Szymański musi szukać nowego klubu
W sezonie 2023/24 Sebastian Szymański był ulubieńcem kibiców Fenerbahce. Reprezentant Polski strzelił 13 goli i zaliczył 19 asyst w 55 meczach. Wszystko zmieniło się, gdy do Stambułu przyszedł Jose Mourinho. Bilans 25-latka pod wodzą “The Special One” to dwie bramki i pięć asyst w 28 meczach. Kibice, którzy dotychczas uwielbiali Polaka dziś go krytykują. Co więcej, spadek formy pomocnika zauważył też Portugalczyk.
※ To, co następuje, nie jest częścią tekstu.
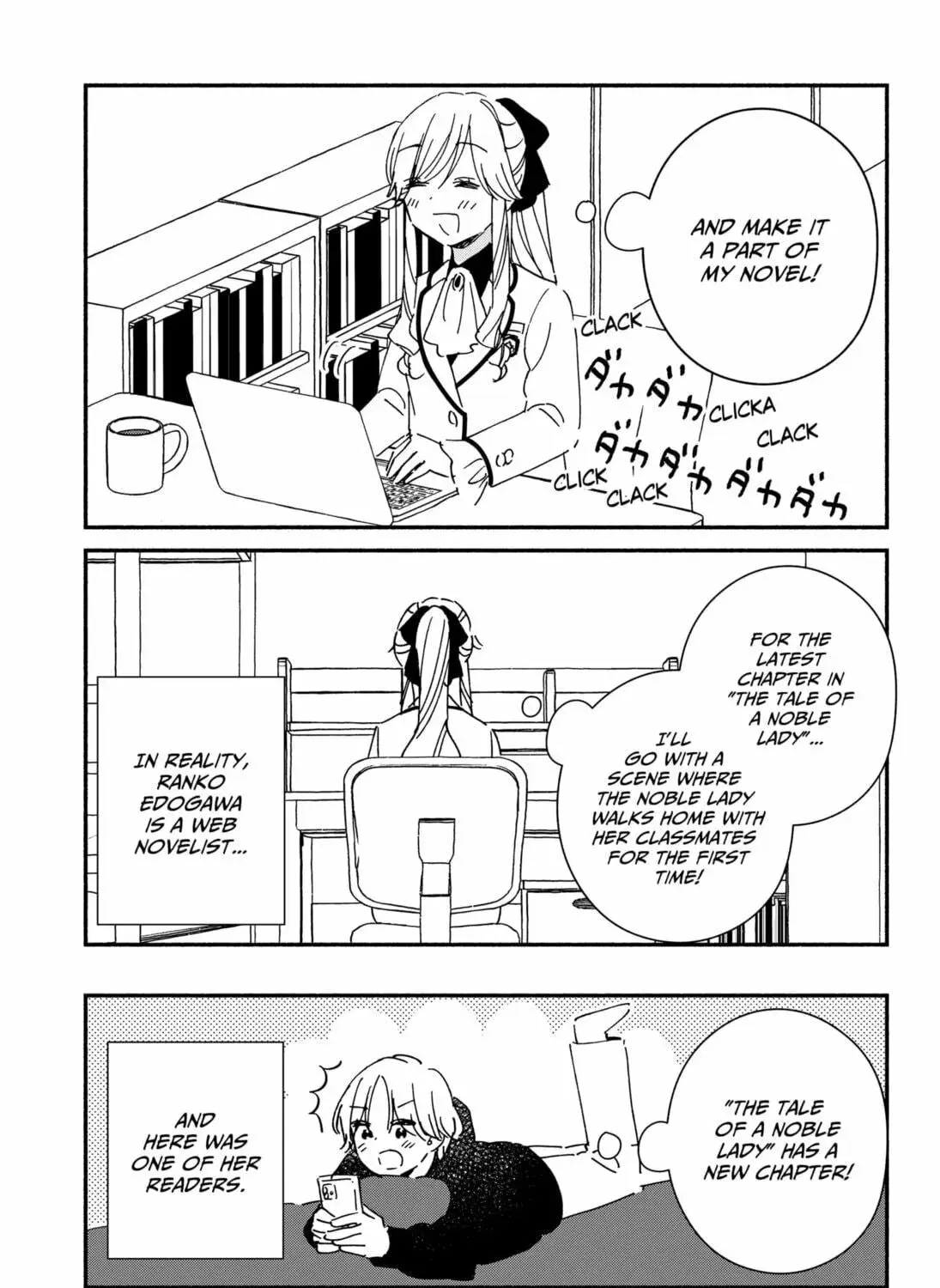 No Gyaru in This Class - Chapter 31 - Page 29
W ostatnich meczach “Szymi” często zasiadał na ławce rezerwowych.
Mimo coraz trudniejszej sytuacji Szymańskiego Polak wciąż zwraca uwagę innych klubów. Od kilku tygodni mówi się, że pomocnik jest na liście życzeń Fiorentiny. Z kolei portal “Hurriyet” podaje, że “Viola” to nie jedyny zespół z europejskiej czołówki, który wykazuje poważne zainteresowanie “Szymim”. Choć Mourinho lubi swojego podopiecznego, Orły zamierzają sprzedać piłkarza w zimowym okienku transferowym. Wicemistrzowie Turcji chcą też pozbyć się takich graczy, jak Youssef En Nesyri, Allan Saint-Maximin i Cengiz Under.
Tureckie media twierdzą, że pieniądze zarobione na sprzedaży Szymańskiego i spółki mogą zostać przeznaczone na transfer Andersona Talisci i dwóch stoperów. W grę wchodzi też pozyskanie Krzysztofa Piątka, a więc najlepszego strzelca Super Lig. Na razie nie wiadomo jeszcze, gdzie trafi Szymański.
Jedno jest pewne – Fenerbahce może dyktować warunki. Kontrakt reprezentanta Polski wygasa w czerwcu 2027. Portal Transfermarkt wycenia go na 17 milionów euro.